Pictures with short captions:
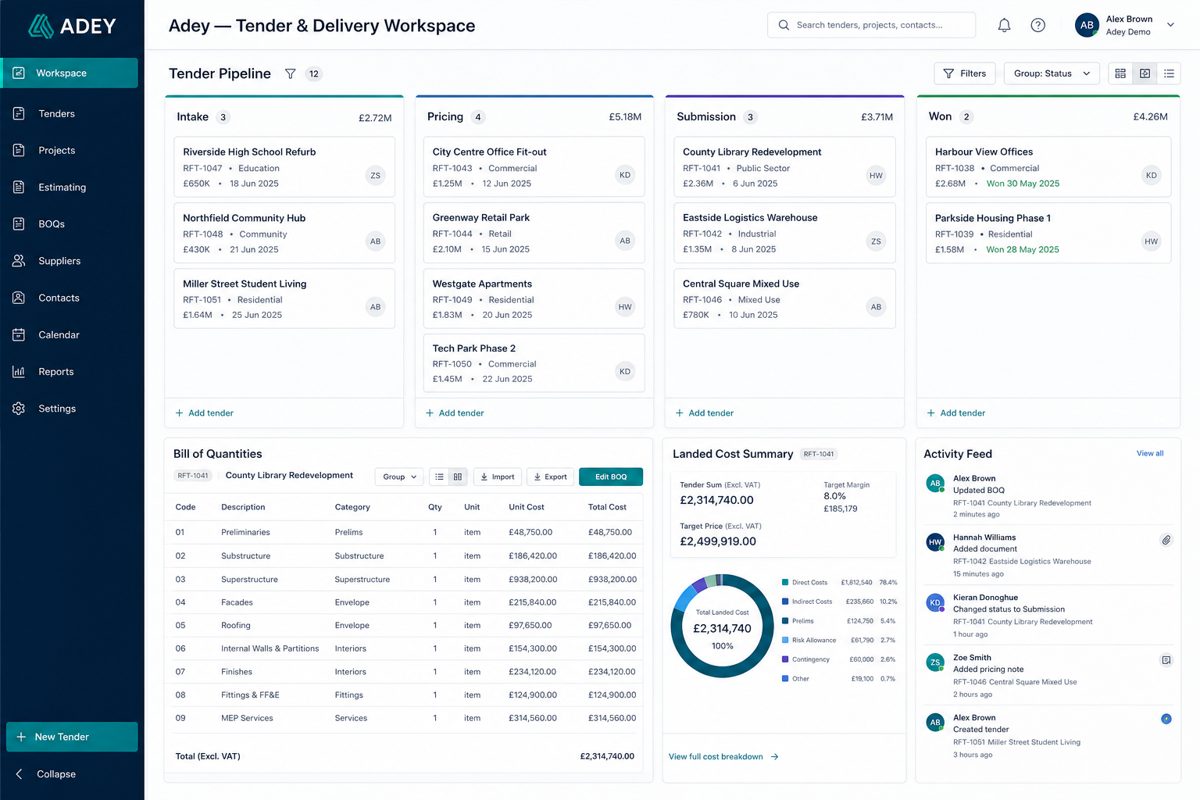 Adey Flow tender workspace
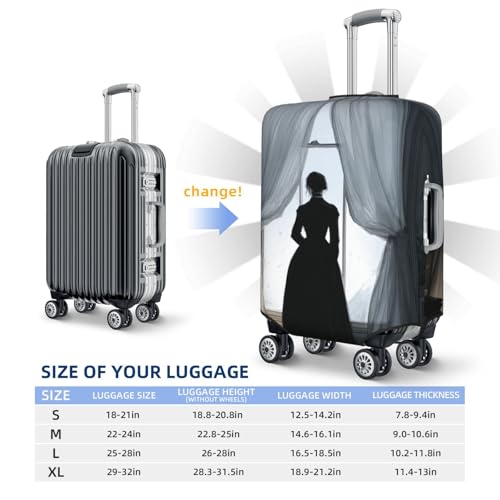 Black Dress Woman Standing By The Window Elastic Travel Luggage Covers Dustproof Scratch-Resistant Suitcase Protector Fit 22-24 Inch4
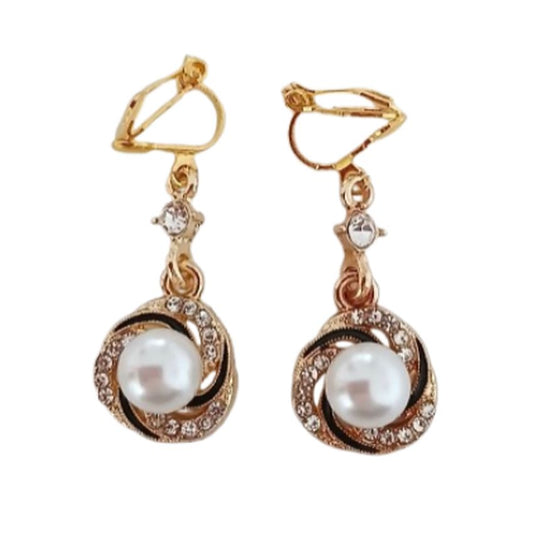 Black And Gold Diamante Clip On Earrings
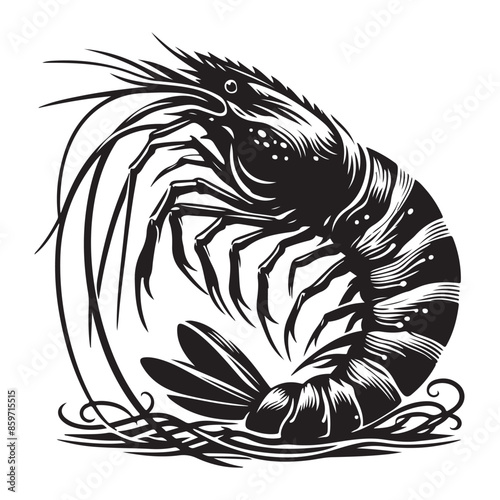 Prawns vector silhouette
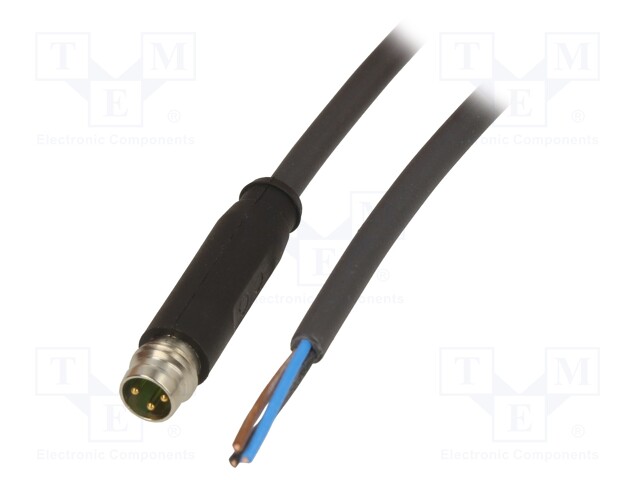 Connection lead; M8; PIN: 3; straight; 1.5m; plug; 50VAC; 4A; IP65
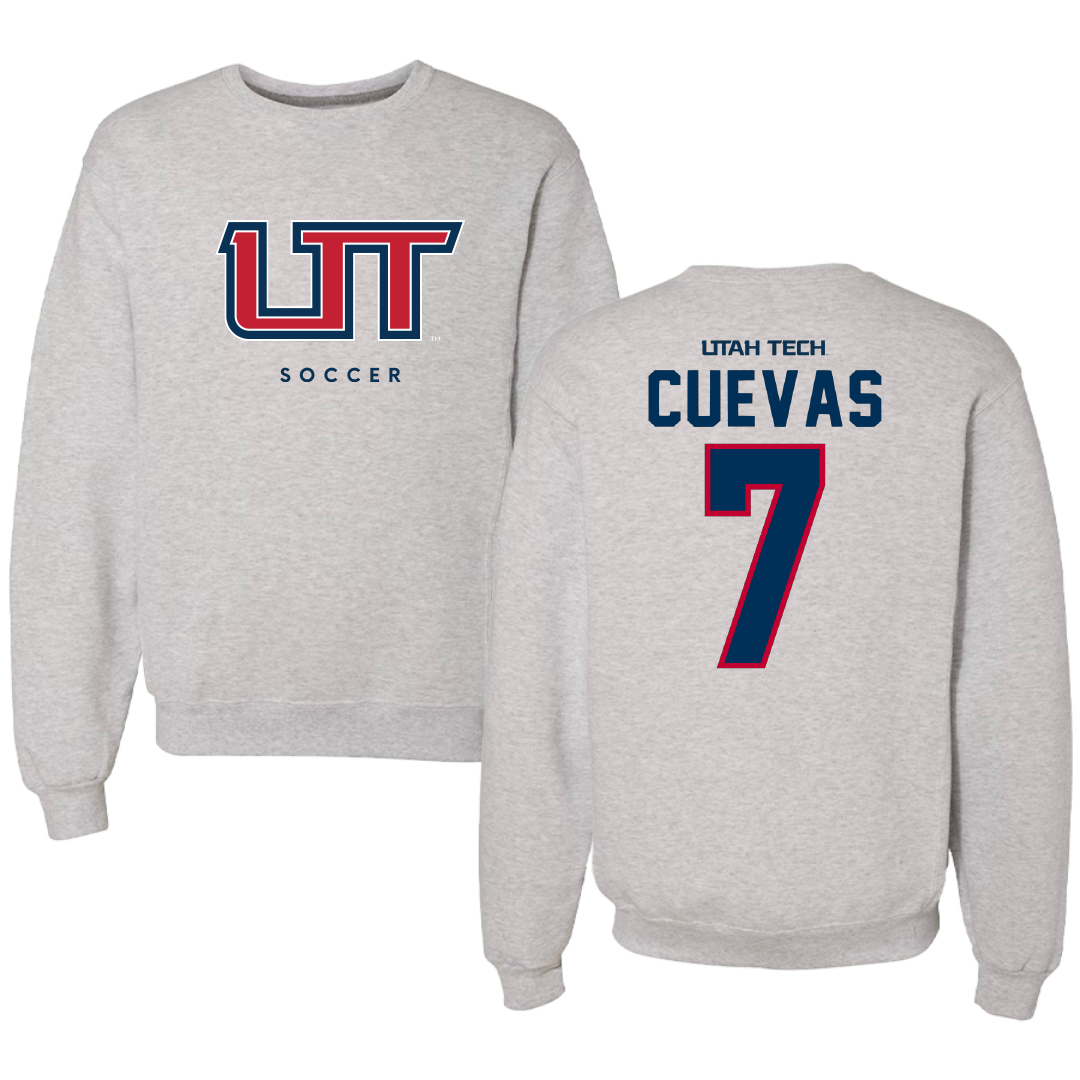 Utah Tech University Soccer Gray Crewneck - #7 Samir Cuevas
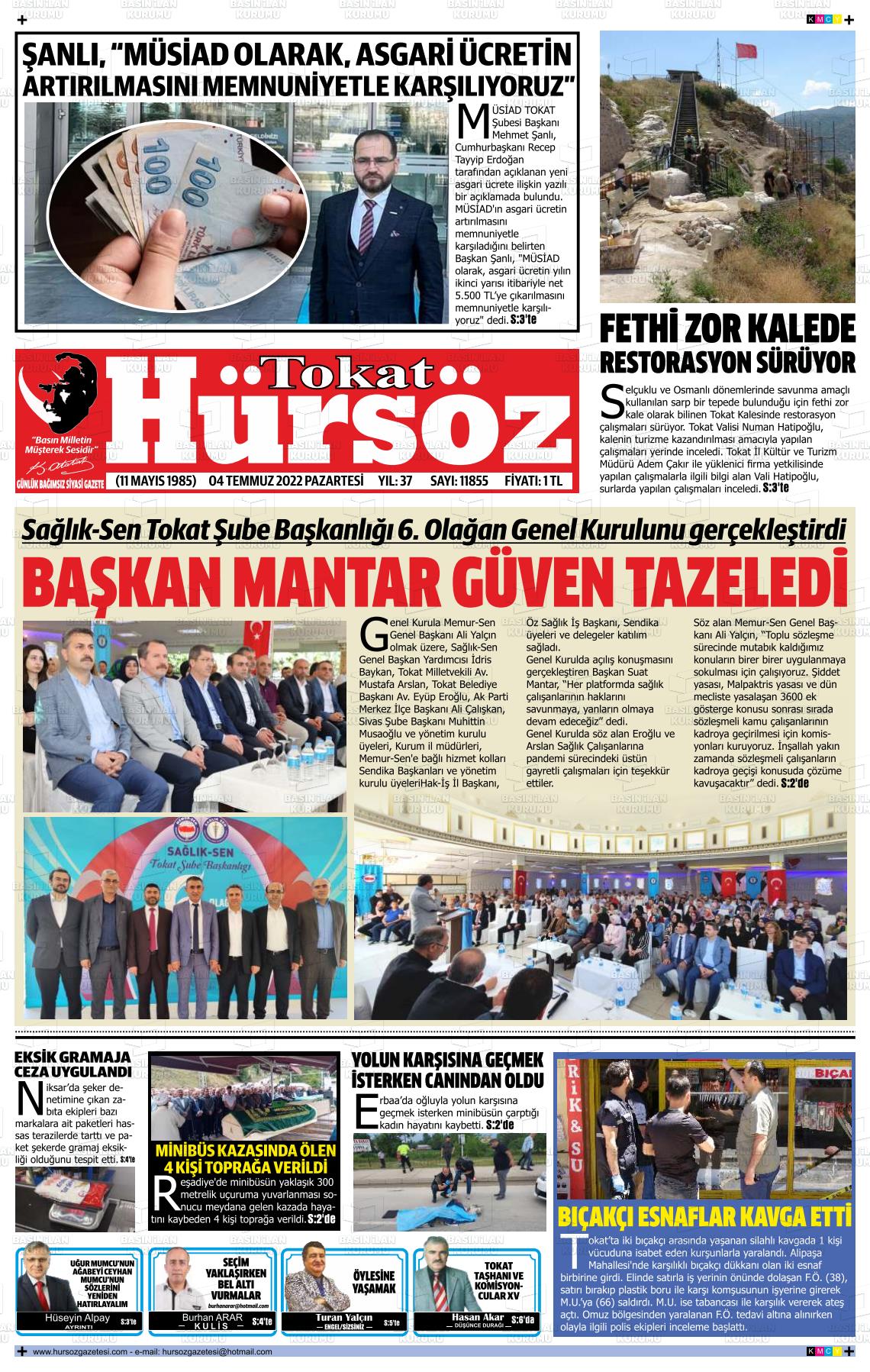 04 Temmuz 2022 Hürsöz Gazete Manşeti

Exercise objective: Return, exactly as they appear, the lines from the line containing "Connection lead; M8;" through the end of the records above, both ends included, without pictures.

Result of the task:
 Connection lead; M8; PIN: 3; straight; 1.5m; plug; 50VAC; 4A; IP65
 Utah Tech University Soccer Gray Crewneck - #7 Samir Cuevas
 04 Temmuz 2022 Hürsöz Gazete Manşeti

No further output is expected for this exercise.